SH and Bash have a different syntax and you have to modify/rewrite that file to meet the sh/tcsh syntax. Also keep in mind that most software is installed in /usr/local/... on FreeBSD, where in GNU/Linux it's only /usr/...


----------



## SirDice (Feb 15, 2018)

I suggest you start reading tcsh(1) and ~/.cshrc.


----------



## tobik@ (Feb 15, 2018)

giahung1997 said:


> I've just installed FreeBSD with XFCE, everything seemed OK except the terminal show no color, it's too ugly. I run echo $SHELL it said it's tcsh. This is my .bashrc on MXLinux17, with I'm very pleased with, please help me to translate it to the .tcshrc version. Thanks.


Hmm, why not install bash if you're happy with it?


----------



## ShelLuser (Feb 15, 2018)

giahung1997 said:


> I've just installed FreeBSD with XFCE, everything seemed OK except the terminal show no color, it's too ugly. I run echo $SHELL it said it's tcsh.



Other than what tobik@ said I think it's also important to realize that within X the terminal application itself is often also responsible for adding colors to the environment. So you may just as well be done with properly configuring that.

Still, this question does raise another: are you by any chance using the environment while being logged in as root? Because that would definitely explain the use of csh vs. the common sh, and it could also cause more problems than they're worth.
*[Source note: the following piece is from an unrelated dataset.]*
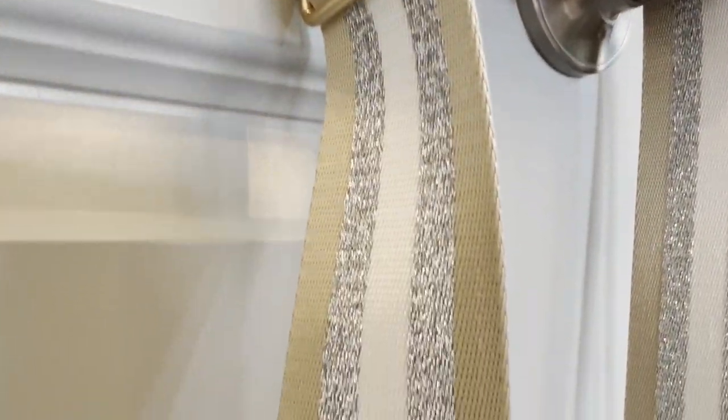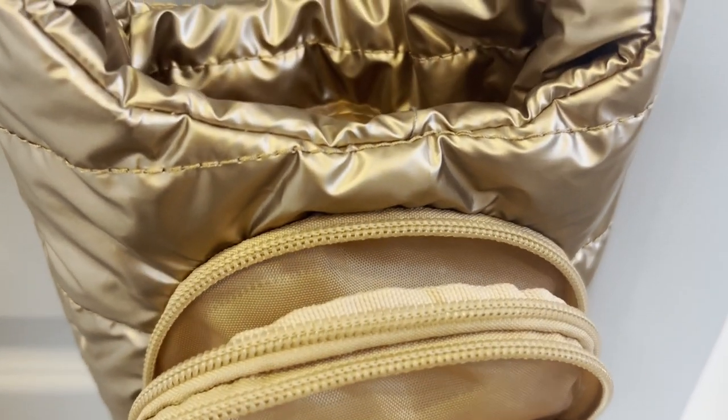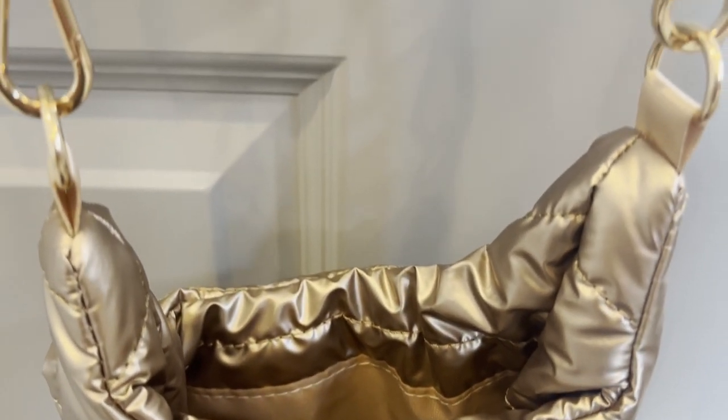The adjustable strap allows you to stay hydrated while being hands-free so you can enjoy the moment around you. The water bottle carrier combines function and fashion, so if you're someone looking for a stylish solution to carry your water bottle and all your necessities, this Quilted Puffer might be for you.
Misusing / overusing the root account is generally speaking not the best of ideas on a Unix-like OS.

So if you are using the root account my suggestion would be to create another user account and use that instead. The very moment you need root privileges then rely on su or optionally security/sudo.


----------



## SirDice (Feb 15, 2018)

Colors work just fine but a lot of people don't like them, so it's off by default. Nothing is preventing you from creating your own prompt _with_ colors though. And if you set the environment variable CLICOLOR ls(1) will automatically switch to color mode.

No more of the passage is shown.